◆ **Input material**:
###

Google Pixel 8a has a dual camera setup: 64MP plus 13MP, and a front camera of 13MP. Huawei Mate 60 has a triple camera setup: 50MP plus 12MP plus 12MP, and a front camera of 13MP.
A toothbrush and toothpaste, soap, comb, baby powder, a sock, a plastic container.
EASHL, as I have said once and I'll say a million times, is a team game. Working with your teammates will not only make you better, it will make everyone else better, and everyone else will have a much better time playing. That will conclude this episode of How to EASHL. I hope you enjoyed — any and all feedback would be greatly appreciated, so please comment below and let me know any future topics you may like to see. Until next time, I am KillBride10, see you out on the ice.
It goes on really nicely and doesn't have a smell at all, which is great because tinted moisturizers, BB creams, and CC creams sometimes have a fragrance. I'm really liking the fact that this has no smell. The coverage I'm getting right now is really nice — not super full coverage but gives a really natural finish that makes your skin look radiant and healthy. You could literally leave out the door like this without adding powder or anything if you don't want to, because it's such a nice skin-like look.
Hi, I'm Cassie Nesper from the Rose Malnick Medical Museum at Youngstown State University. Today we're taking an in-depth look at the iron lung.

###

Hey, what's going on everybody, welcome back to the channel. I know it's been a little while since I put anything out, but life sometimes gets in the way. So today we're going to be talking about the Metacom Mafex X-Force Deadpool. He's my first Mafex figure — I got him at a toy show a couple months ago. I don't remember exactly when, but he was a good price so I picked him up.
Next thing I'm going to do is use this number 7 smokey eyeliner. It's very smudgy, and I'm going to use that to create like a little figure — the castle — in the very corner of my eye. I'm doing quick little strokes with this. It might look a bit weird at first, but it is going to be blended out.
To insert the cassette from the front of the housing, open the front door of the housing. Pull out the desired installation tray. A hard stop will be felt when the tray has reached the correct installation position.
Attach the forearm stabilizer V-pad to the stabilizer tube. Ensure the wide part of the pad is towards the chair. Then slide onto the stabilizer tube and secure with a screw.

###

◆ **Activity**: Transcribe each line of the data above, unaltered, from the one where "Next thing I'm" appears to the one where "Attach the forearm" appears, inclusive of both.

◆ **Response area**:
Next thing I'm going to do is use this number 7 smokey eyeliner. It's very smudgy, and I'm going to use that to create like a little figure — the castle — in the very corner of my eye. I'm doing quick little strokes with this. It might look a bit weird at first, but it is going to be blended out.
To insert the cassette from the front of the housing, open the front door of the housing. Pull out the desired installation tray. A hard stop will be felt when the tray has reached the correct installation position.
Attach the forearm stabilizer V-pad to the stabilizer tube. Ensure the wide part of the pad is towards the chair. Then slide onto the stabilizer tube and secure with a screw.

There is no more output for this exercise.